- Length: 132 km (82 mi)
- Location: NSW
- Trailheads: Katoomba Mittagong
- Use: Hiking

= Katoomba to Mittagong Trail =

Hiking trail in Australia

The Katoomba to Mittagong Trail is a 132-km long-distance walking trail that starts in the Blue Mountains at Katoomba (New South Wales, Australia) and finishes at Mittagong in the Southern Highlands.

==Description==

Starting at Katoomba, the walk descends via the Narrow Neck Plateau to the Megalong Valley, crosses Coxs River then follows Scotts Main Range to Yerranderrie, a former silver mining town that now serves as a tourist destination. From there it heads east to cross the Wollondilly River, over the Beloon Pass then along the Nattai River and up to Mittagong. A slightly shorter but very scenic exit can be made by climbing out of the Nattai Valley on Starlights Trail. This trail starts at MacArthur's Flat and finishes at Wattle Ridge.

Highlights of the walk include views from Narrow Neck Plateau, views from Scotts Main Range, ruins of old properties along Scotts Main Range, heritage buildings and scenery at Yerranderie and scenery around Lake Burragorang.

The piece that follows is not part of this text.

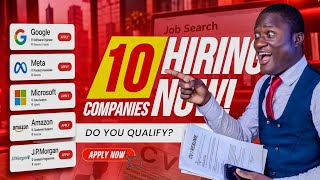10 Companies Hiring Right Now — Check If You Qualify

Public transport via rail is available at both start and finish. The walk is best made from north to south as the terrain is much more difficult to conquer in the opposite direction. Heading south also prevents walkers from facing towards the sun. For very fit walkers, the walk can be completed in six days, although extra time should be allowed for seeing Yerranderie if desired.